*WHAT TO DO*
What is needed is an exact repeat of the lines from the one holding "MINI Hatch 2.0" through the final line of the data, with no pictures.

::: DATA :::

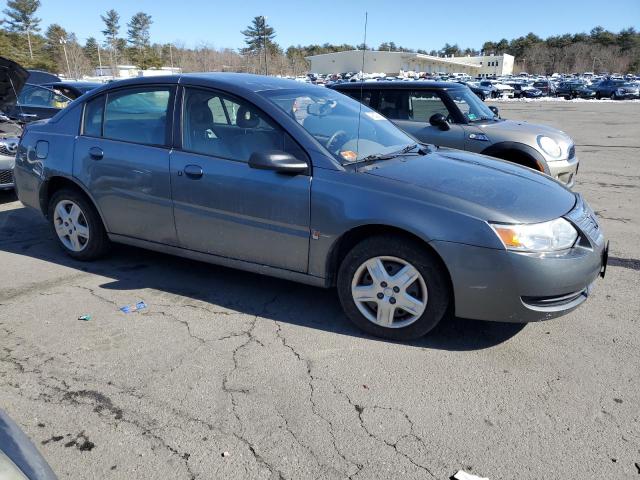 1G8AZ55F26Z159556 - 2006 SATURN ION LEVEL 2 灰色 照片 4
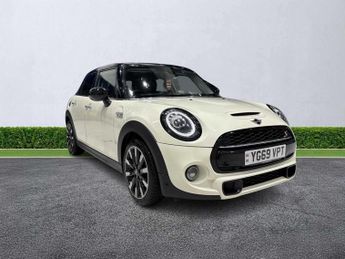 MINI Hatch 2.0 Cooper S Exclusive Ii 5Dr Auto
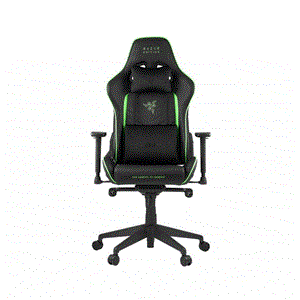 صندلی گیمینگ ریزر Razer Enki Green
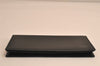 Authentic Louis Vuitton Epi Porte Cartes Credit Yen Wallet Black M63212 LV 7929M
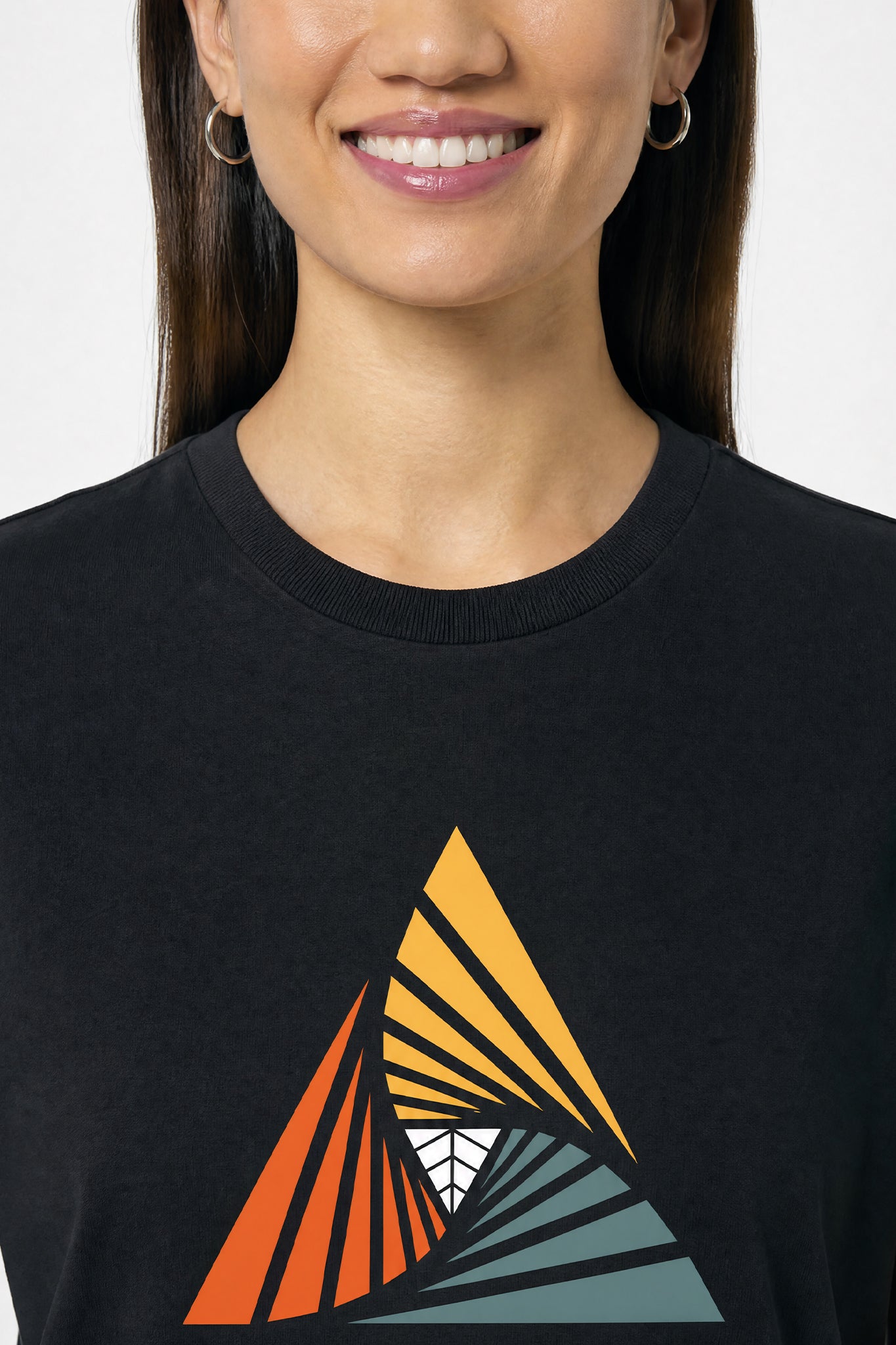 The Women’s Spirangle Tee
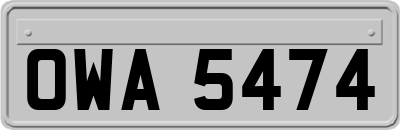 OWA5474
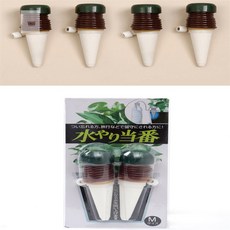워스토어 홈가드닝 화분 자동급수기 4p 80cm 물주기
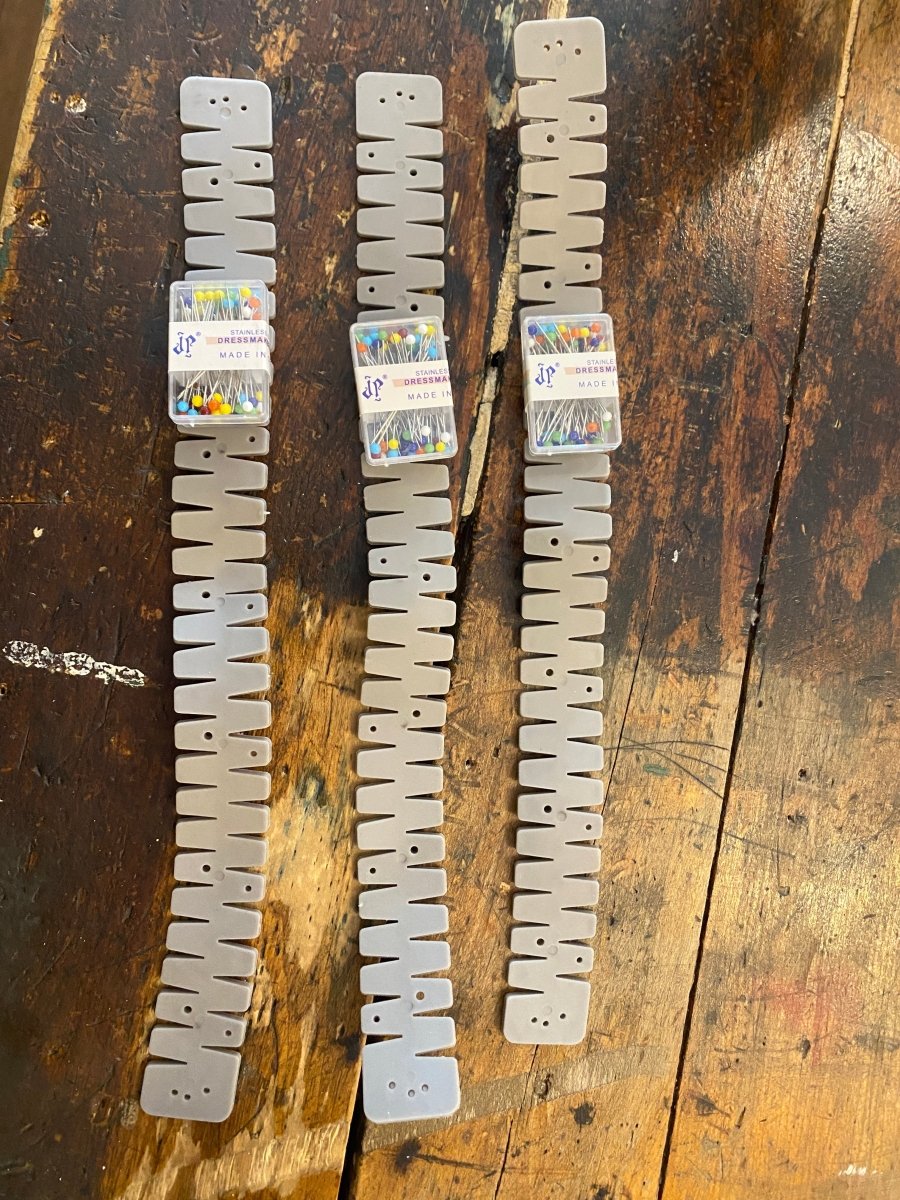 Hem Ruler - Made X Hudson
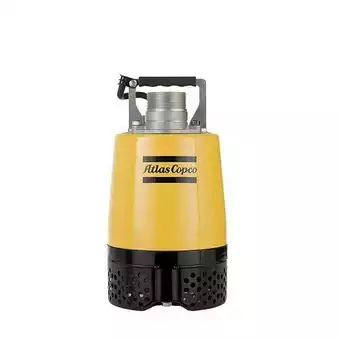 Sonstige 2021 Atlas Copco Weda D04N Schmutzwasserpumpe (2)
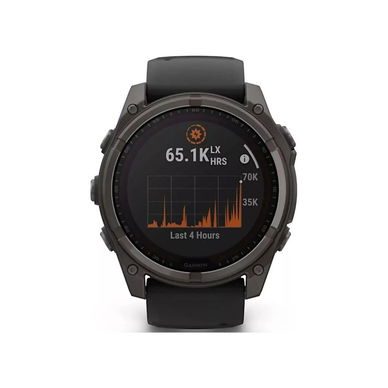 Garmin - Fenix-8 - Smartwatch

:::

*FINAL ANSWER*
 MINI Hatch 2.0 Cooper S Exclusive Ii 5Dr Auto
 صندلی گیمینگ ریزر Razer Enki Green
 Authentic Louis Vuitton Epi Porte Cartes Credit Yen Wallet Black M63212 LV 7929M
 The Women’s Spirangle Tee
 OWA5474
워스토어 홈가드닝 화분 자동급수기 4p 80cm 물주기
 Hem Ruler - Made X Hudson
 Sonstige 2021 Atlas Copco Weda D04N Schmutzwasserpumpe (2)
 Garmin - Fenix-8 - Smartwatch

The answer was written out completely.